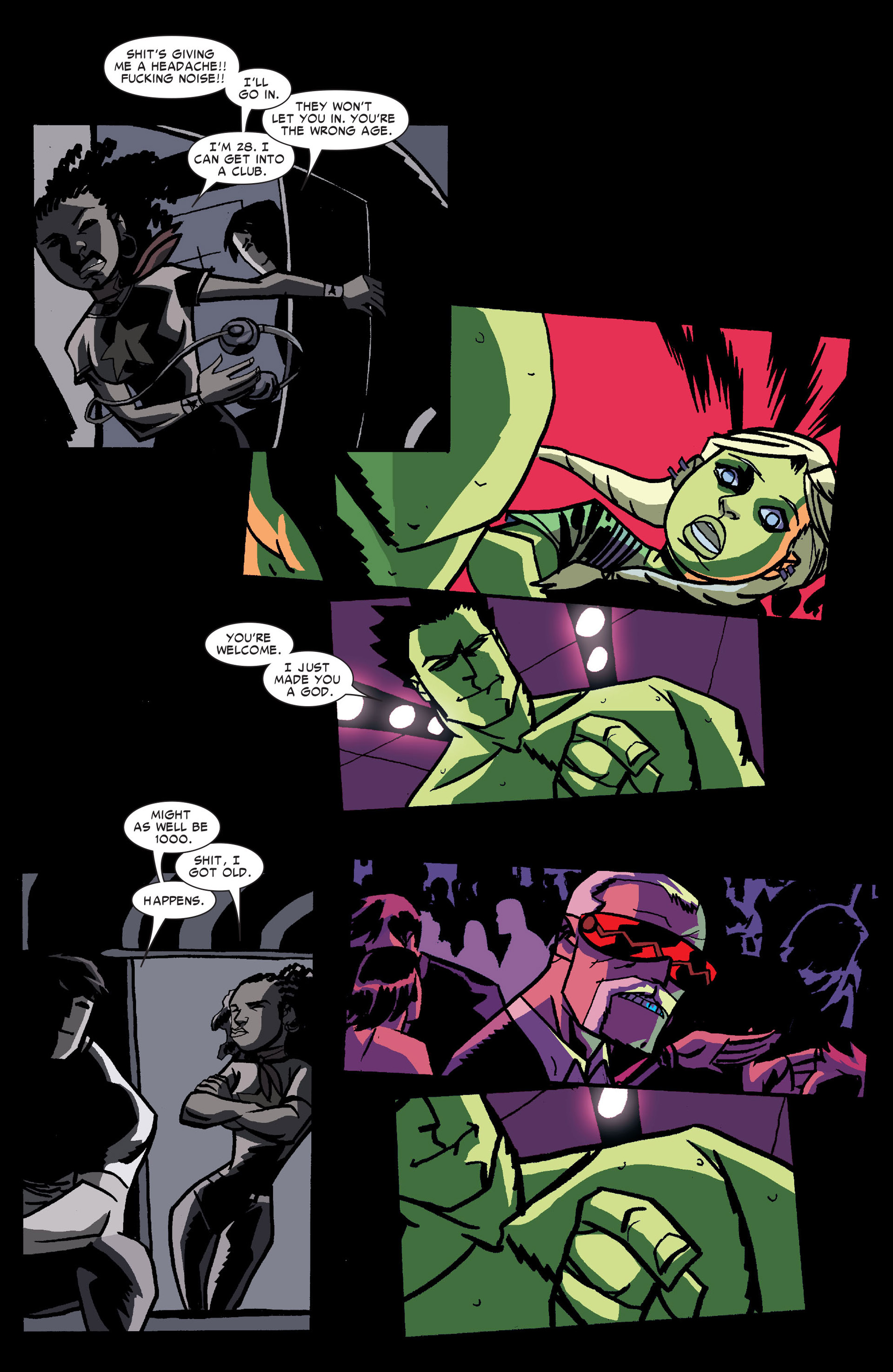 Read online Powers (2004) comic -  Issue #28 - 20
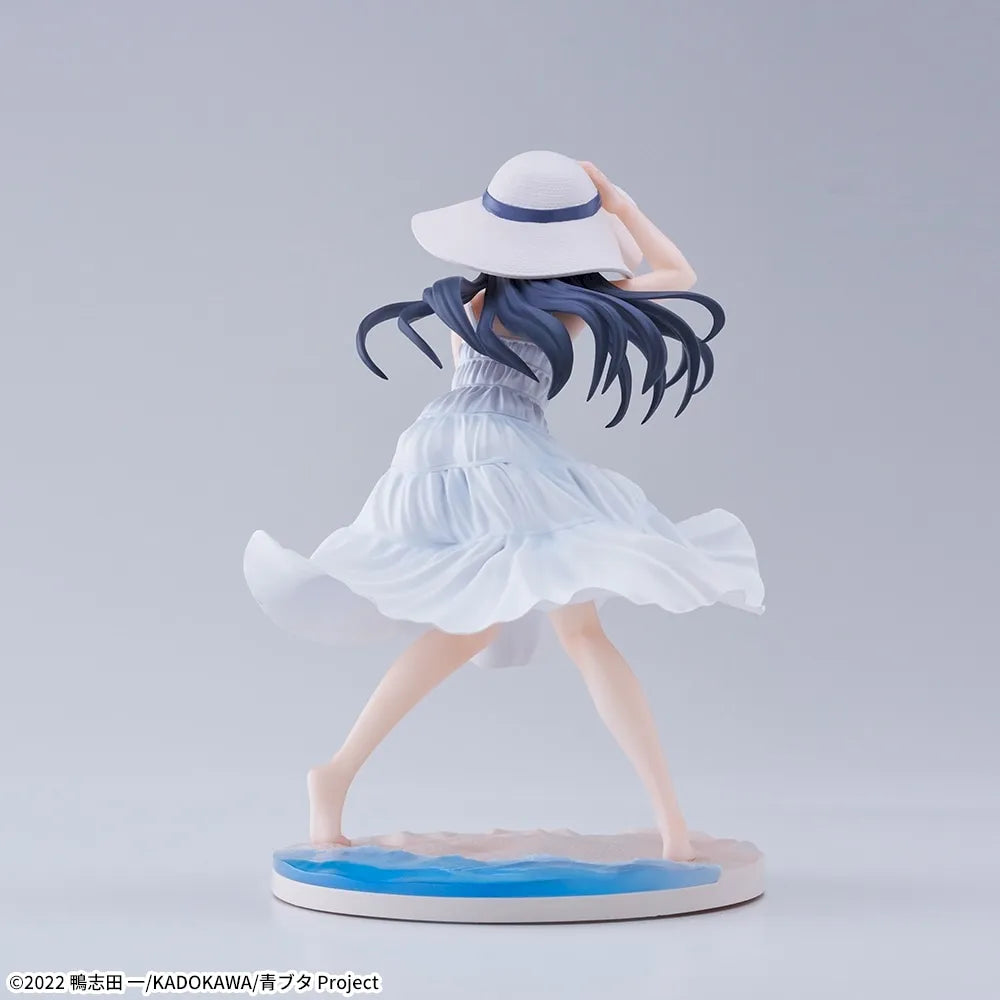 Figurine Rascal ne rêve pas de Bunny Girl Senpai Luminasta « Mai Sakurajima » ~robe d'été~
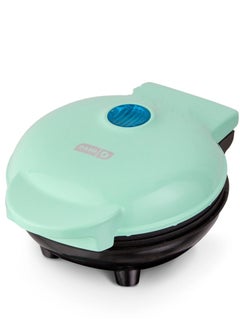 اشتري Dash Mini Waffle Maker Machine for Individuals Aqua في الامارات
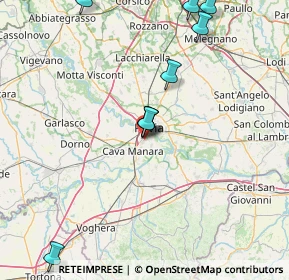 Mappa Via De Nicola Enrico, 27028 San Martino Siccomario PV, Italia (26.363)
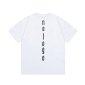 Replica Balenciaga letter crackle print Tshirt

····················

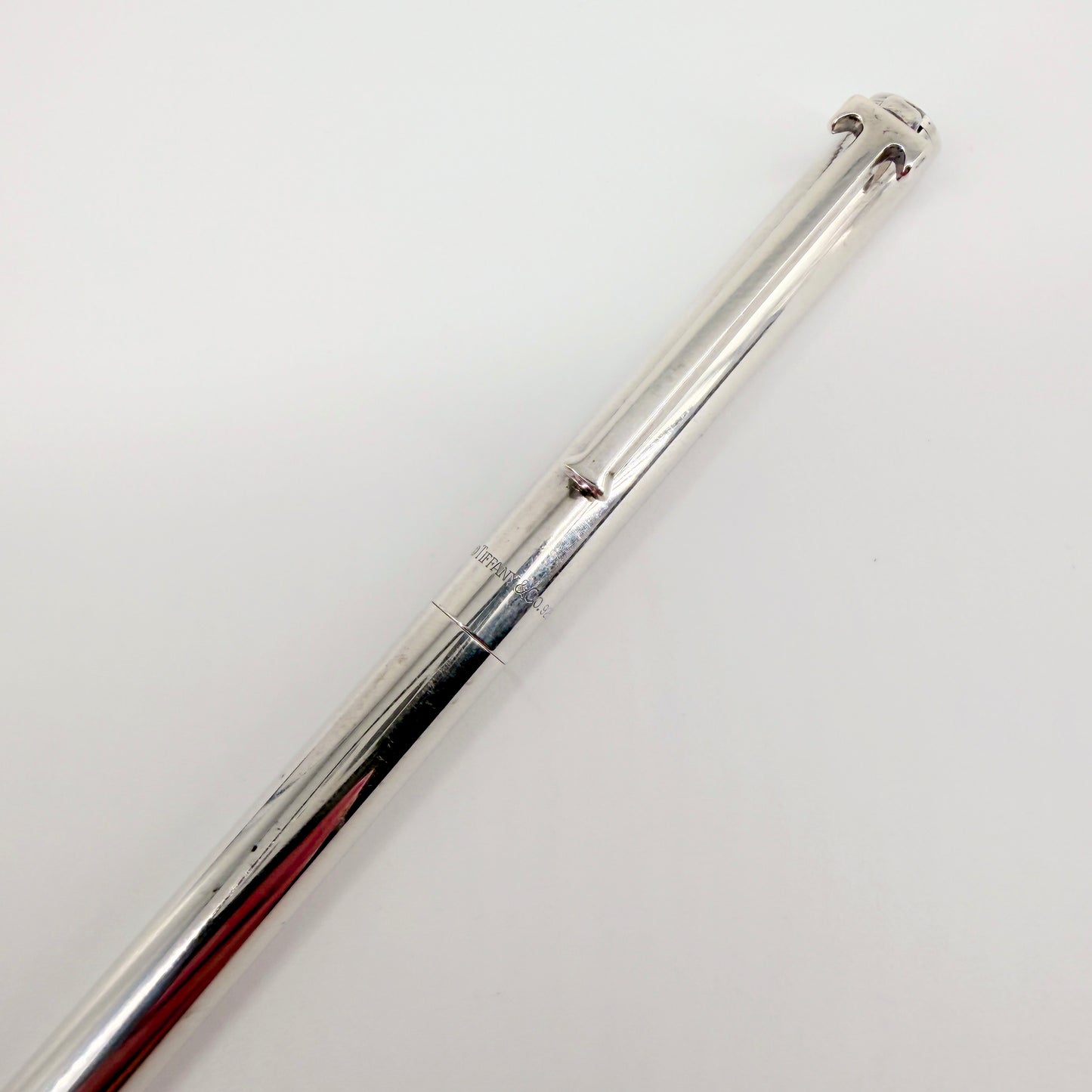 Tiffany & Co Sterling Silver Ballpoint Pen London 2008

····················

> _PROBLEM DETAILS_: Starting from the line with "اشتري Dash Mini" in the records above, repeat each line exactly until you have written the line with "Replica Balenciaga letter", then stop; drop the pictures.

> _ANSWER BELOW_:
 اشتري Dash Mini Waffle Maker Machine for Individuals Aqua في الامارات
 Mappa Via De Nicola Enrico, 27028 San Martino Siccomario PV, Italia (26.363)
 Replica Balenciaga letter crackle print Tshirt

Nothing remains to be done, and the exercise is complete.